Wednesday, August 10, 2005

... tramps and thieves ...

While I'm on a media kick, here's one more entry, brought thoughtfully to you by Bonnie, distinguished guest introducer of journal topics. This passage is culled from a book titled Gangsters, Swindlers, Killers, & Thieves, an anthology edited by Lawrence Block. The author of the passage is Edward L. Lach Jr. The article is nominally about an outlaw and pirate named Samuel Mason, but it is the introduction that renders it worthy of being included here (did I mention that Bonnie enjoys material of a macabre bent? I am also guilty of same.)

'Because most of what I know about the early years of the American Republic I learned in elementary and high school, I had no idea what a hazardous place the frontier was. Wild animals were the least of it; predatory humans, of the sort to be found hiding out in Cave-in-Rock, were a far greater danger.

'Micajah and Wiley Harpe (Big Harpe and Little Harpe respectively) were brothers, North Carolina Tories who headed west after the Revolution, preying on settlers and travelers in the Mississippi Valley. They were bearded giants dressed in buckskin, wearing scalps on their belts and much given to swooping down on passersby, screaming, "We are the Harpes!" and butchering all within reach. When a posse trapped them in 1799, Wiley escaped; Micajah was shot down and his head sawn off while he was still alive. The posse members carried off his head, perhaps in hope of a reward, but wound up boiling it for soup one night when rations ran low. They nailed his skull to a tree and it stayed there for years.

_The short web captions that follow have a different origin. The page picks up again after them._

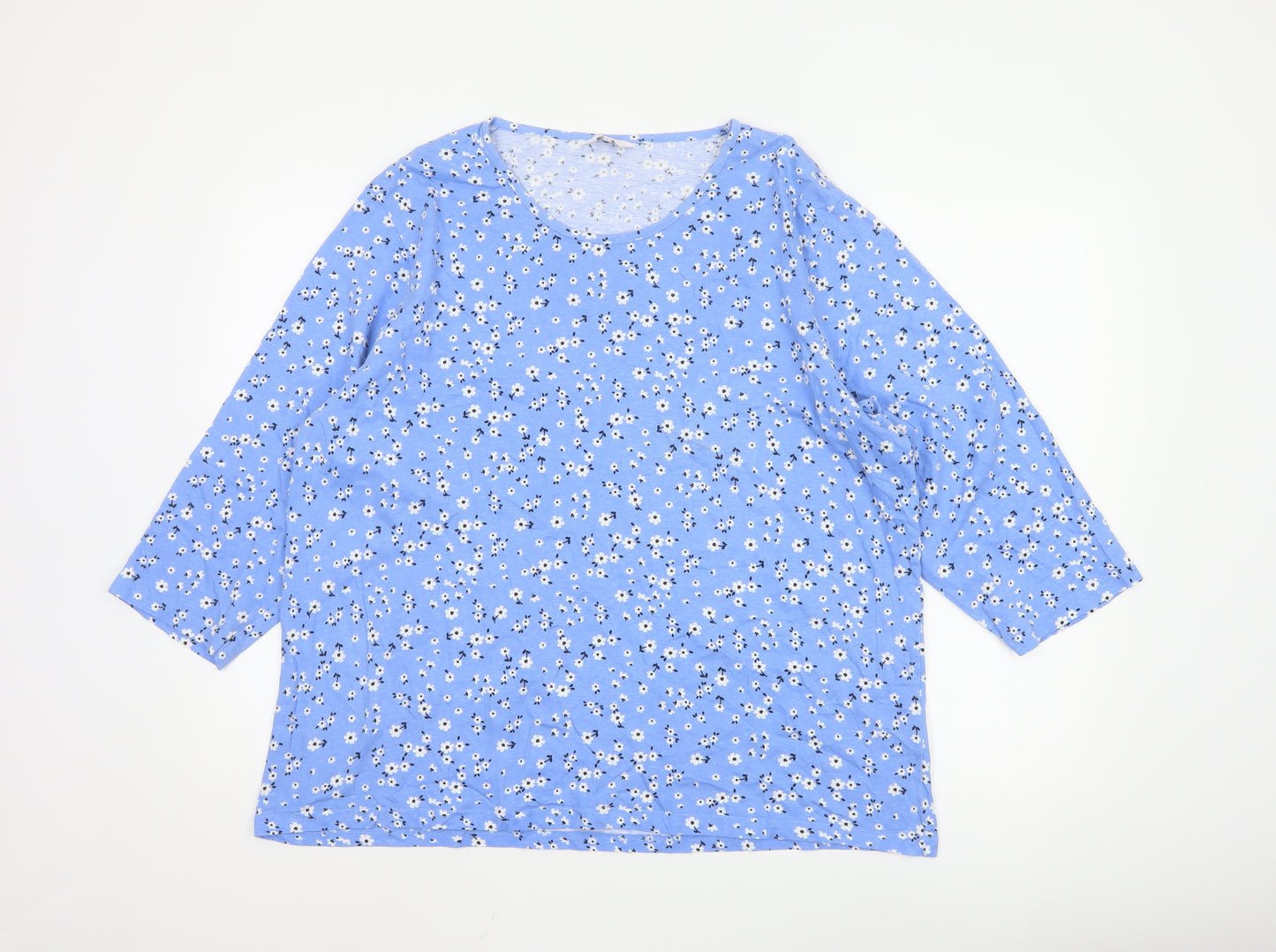 Cotton Traders Women’s Blue Floral 3/4 Sleeve Cotton Plus Size 24 Top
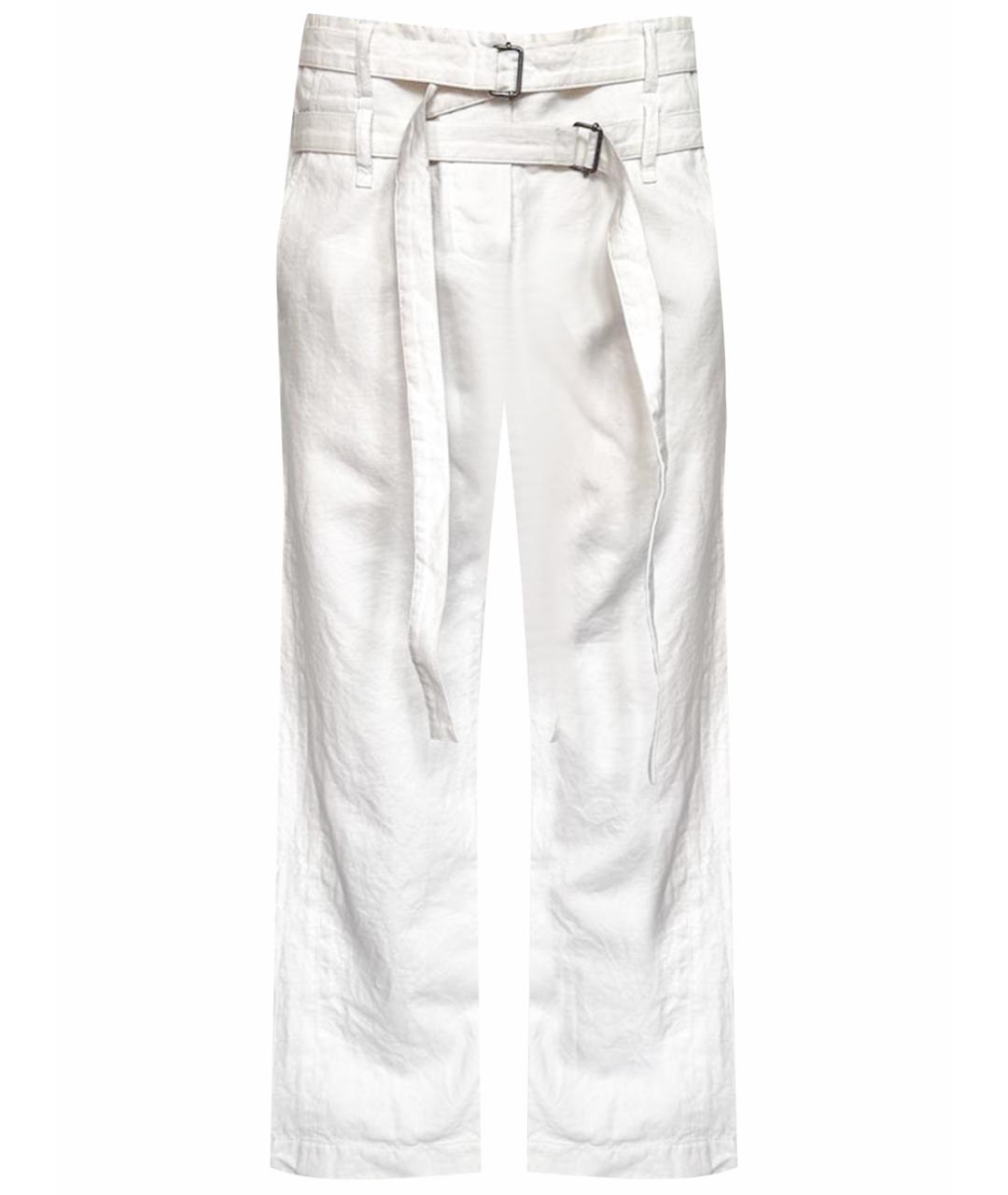 ANN DEMEULEMEESTER Белые хлопковые прямые брюки, фото 1
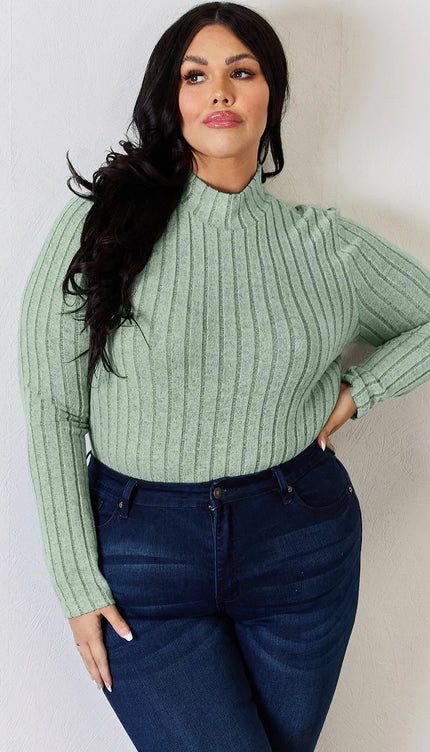 Basic Bae Full Size Ribbed Mock Neck Long Sleeve T-Shirt - Trendsi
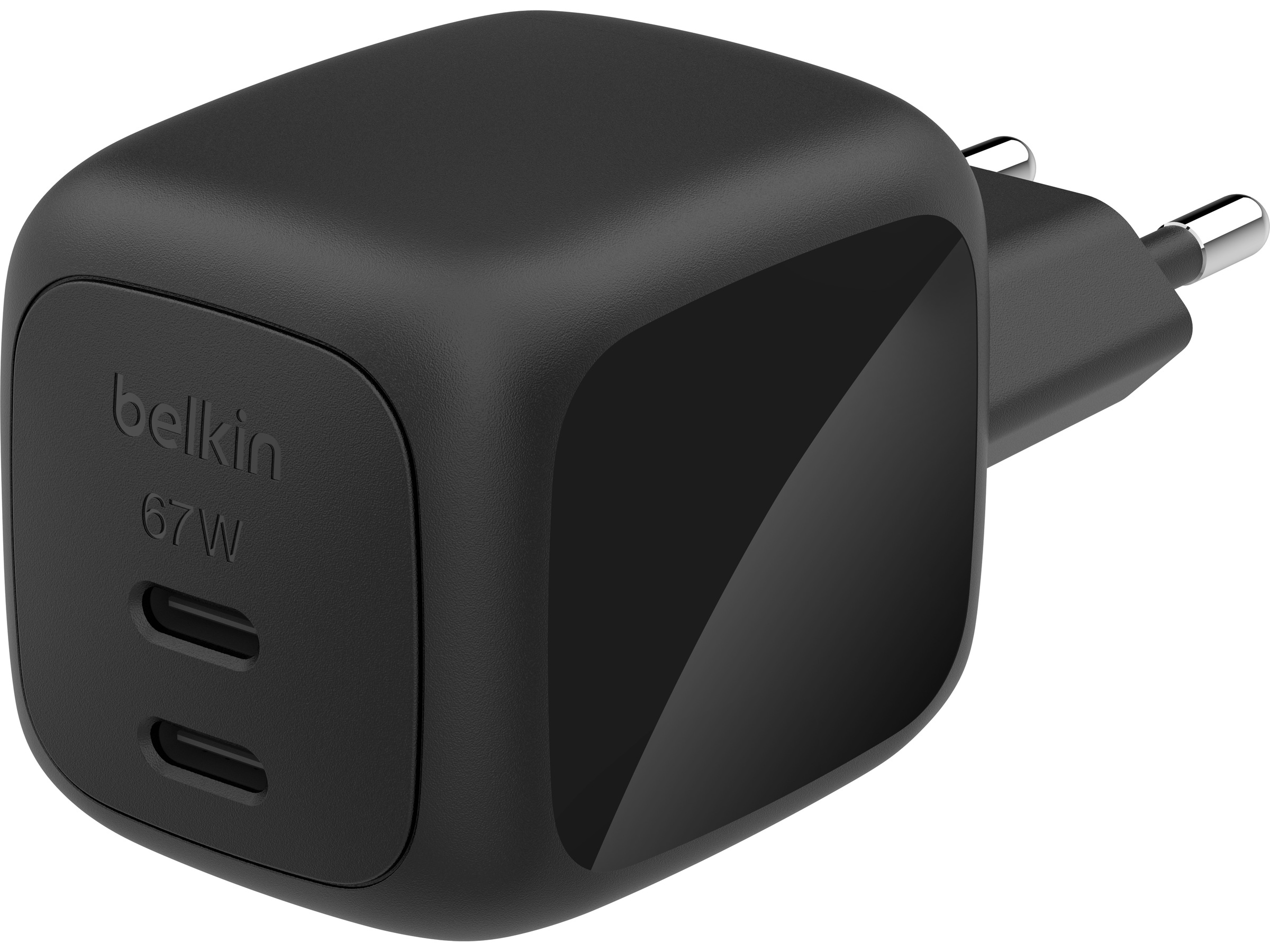 Belkin Dual USB-C PD GaN 67W vegglader (svart) Mobilladere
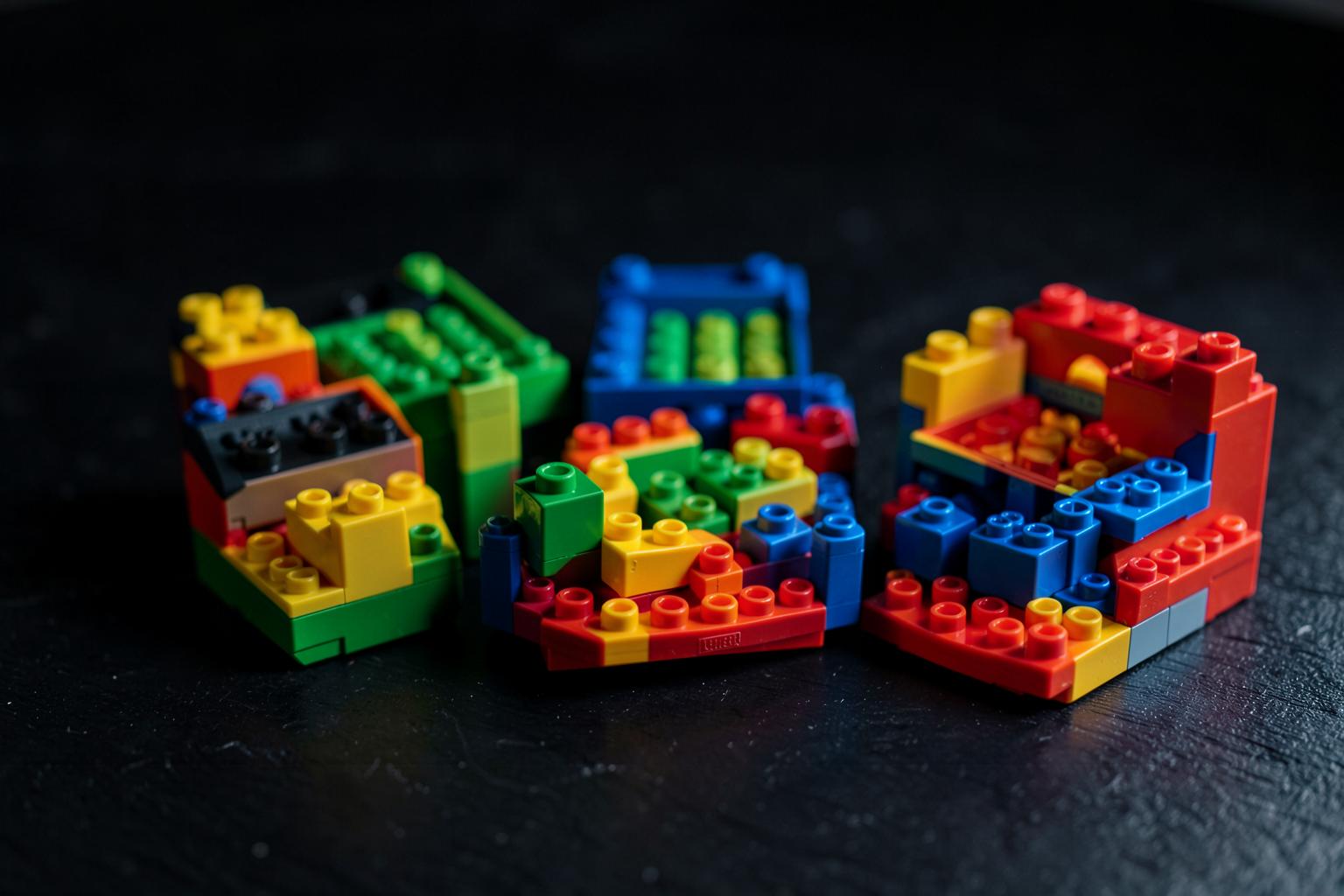 Three colorful plastic building brick models lined up side by side on a dark slate surface for comparison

'According to some sources, the "John Setton" who brought in the head of Samuel Mason was actually Wiley Harpe. Others identify him as a bounty hunter named Bill Setton, and maintain that hanging him as Harpe was yet another miscarriage of frontier justice, as Little Harpe continued preying on the local populace for several years, until he disappeared and was presumably eaten by wolves.

'They didn't teach me any of this in Mr. Green's eighth grade history class ....'

A couple of observations - neither of us were ever taught this in history class either.

It was apparently very easy for people to lose their heads back then.

And, for some reason, we are now singing "Mmm, mmm, good. Mmm, mmm, good. That's what Campbell's Soup is, ..."

Peace.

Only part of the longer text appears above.